Abstract:
Lubricating oil leakage in a turbocharger is reduced through the use of a gland seal having multiple channels in the gland face formed by ribs extending radially in a spiral or herringbone pattern for enhanced maximum pumping effect and minimized hoop stress related fatigue failures.

Description:
FIELD OF THE INVENTION 
     This invention relates generally to the field of turbochargers and, more particularly, to a turbocharger annular seal gland seal that is designed having a reduced or eliminated centrifugal stress during use, thereby providing improved turbocharger operating life. 
     BACKGROUND OF THE INVENTION 
     Turbochargers for gasoline and diesel internal combustion engines are devices known in the art that are used for pressurizing or boosting the intake air stream, routed to a combustion chamber of the engine, by using the heat and volumetric flow of exhaust gas exiting the engine.
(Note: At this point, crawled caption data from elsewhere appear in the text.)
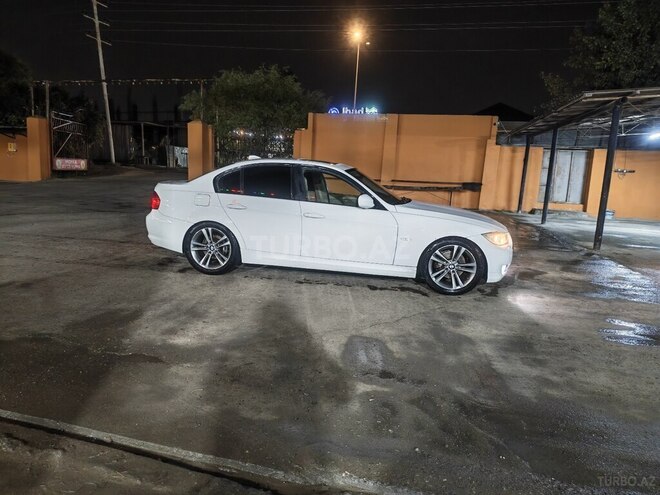 BMW 330 2011, 300,000 km - 3.0 л - Bakı
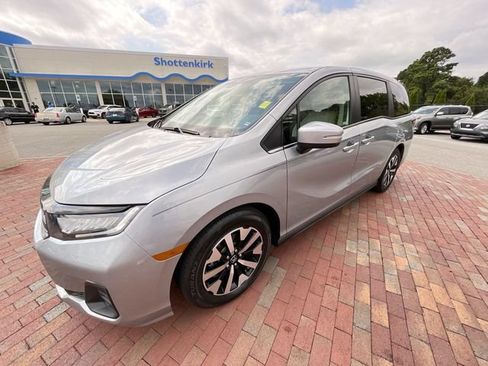 Certified 2025 Honda Odyssey EX-L image 30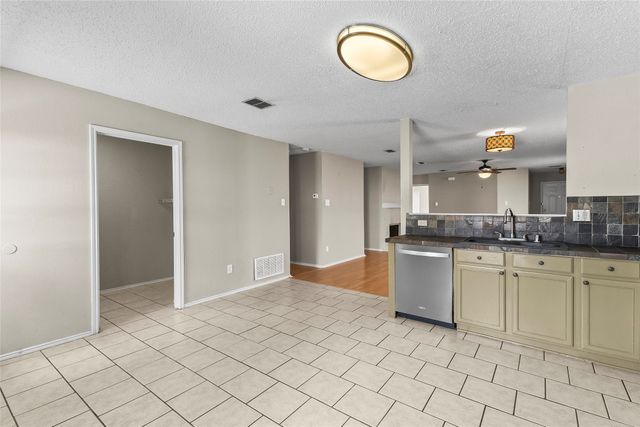 2520 Lake Meadow Drive, Mckinney, TX 75071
Specifically, the exhaust gas exiting the engine is routed into a turbine housing of a turbocharger in a manner that causes an exhaust gas-driven turbine to spin within the housing. The exhaust gas-driven turbine is mounted onto one end of a shaft that is common to a radial air compressor mounted onto an opposite end of the shaft. Thus, rotary action of the turbine also causes the air compressor to spin within a compressor housing of the turbocharger. The spinning action of the air compressor causes intake air to enter the compressor housing and be pressurized or boosted a desired amount before it is mixed with fuel and combusted within the engine combustion chamber. 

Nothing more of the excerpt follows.